Hongkong: Low Awareness Of Alcohol-Cancer Link And Rampant Binge Alcohol Consumption Culture
When asked what illnesses were most closely related to alcohol use, Hongkong citizens named liver disease, heart disease and high blood pressure as the top three. Fewer than 30% named cancer. At the same time, almost half of the Hongkongers who consumed alcohol between August and November 2018 did so in the form of binge alcohol intake at least once, according to a survey by a cancer awareness group.
The Hong Kong Anti-Cancer Society polled 1,019 people and found only 2% were aware that drinking could increase the risk of breast cancer the most common form of the disease among women in the city.
The findings were released on Sunday just days after a ban came into effect on Hongkongers under 18 years of age buying alcohol in shops.
Some 698 survey respondents said they had consumed alcohol in the prior three months.
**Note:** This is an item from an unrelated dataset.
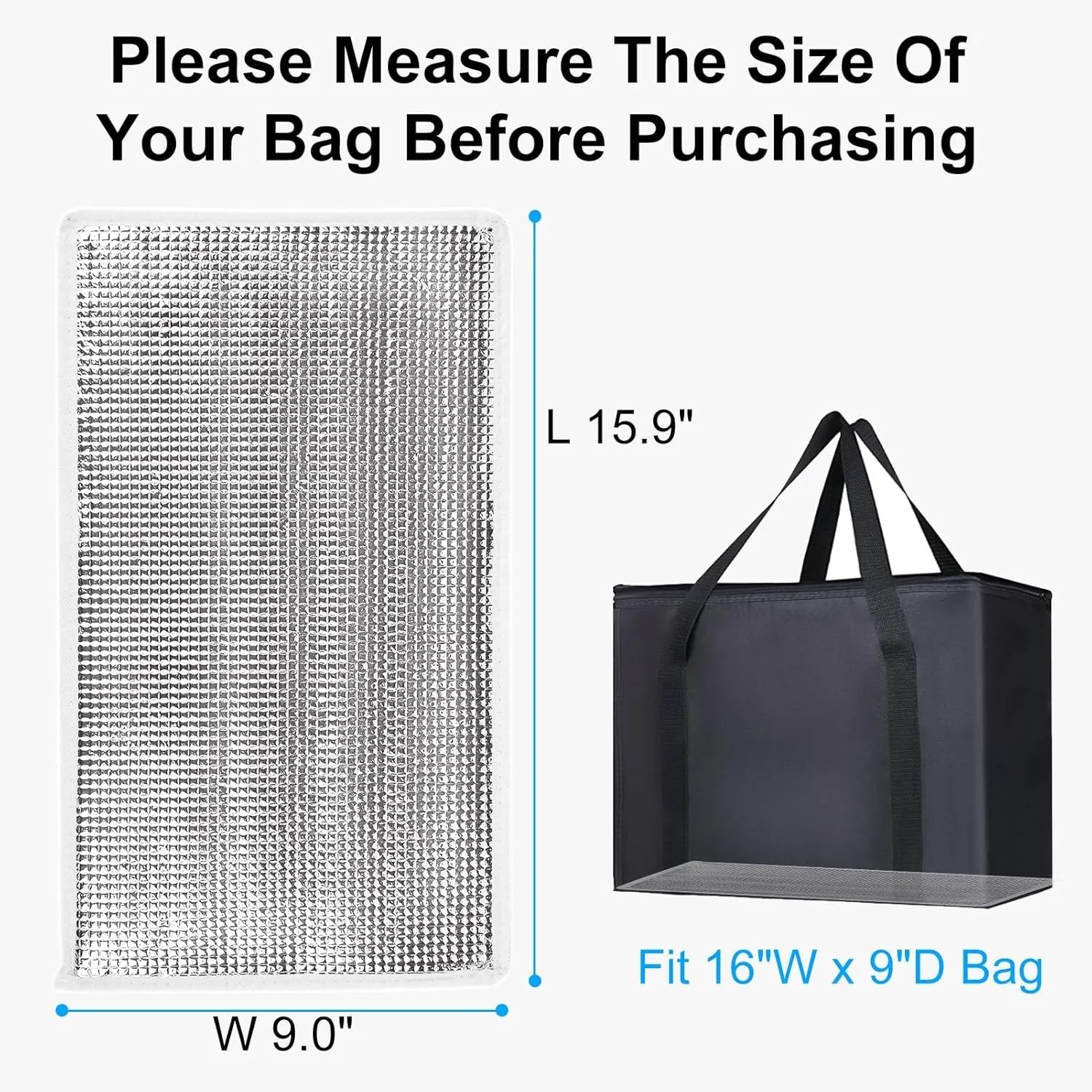 Bodaon 4PK Portable Insulation Hard Bottom for 16" W x 9"D Food Delivery Bag，Uber Eats/Doordash Insulated Grocery XL-Bags Accessories，Reusable Foldable Board Shopping/Catering Carrier Keep Cooler Warm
Forty-five per cent of these people had been binge drinking at least once in that period.
Alcohol and cancer, binge alcohol intake highly risky
The study showed that some 77% were aware that alcohol use could increase the risk of liver cancer, and 54% knew of the link with stomach cancer. But only 2% made a connection with breast cancer. And 40% of Hongkongers wrongly believed that taking up drinking at an early age could help the body adapt to alcohol and lower their cancer risk.
According to data from the World Cancer Research Fund, alcohol heightens the risk of at least six types of the disease, including liver, colorectal, breast and stomach.
A Danish study published in 2007 showed binge alcohol intake could increase the chance of developing breast cancer by 55 per cent when compared with the consumption of one drink.
In September 2018, The Lancet published a landmark scientific study showing that “no level of alcohol consumption improves health”.
Reduce, quit, abstain
Dr Rico Liu King-yin, chairman of the Hong Kong Anti-Cancer Society education subcommittee advised Hongkongers who use alcohol to reduce their intake, and those without the habit to abstain from alcohol altogether.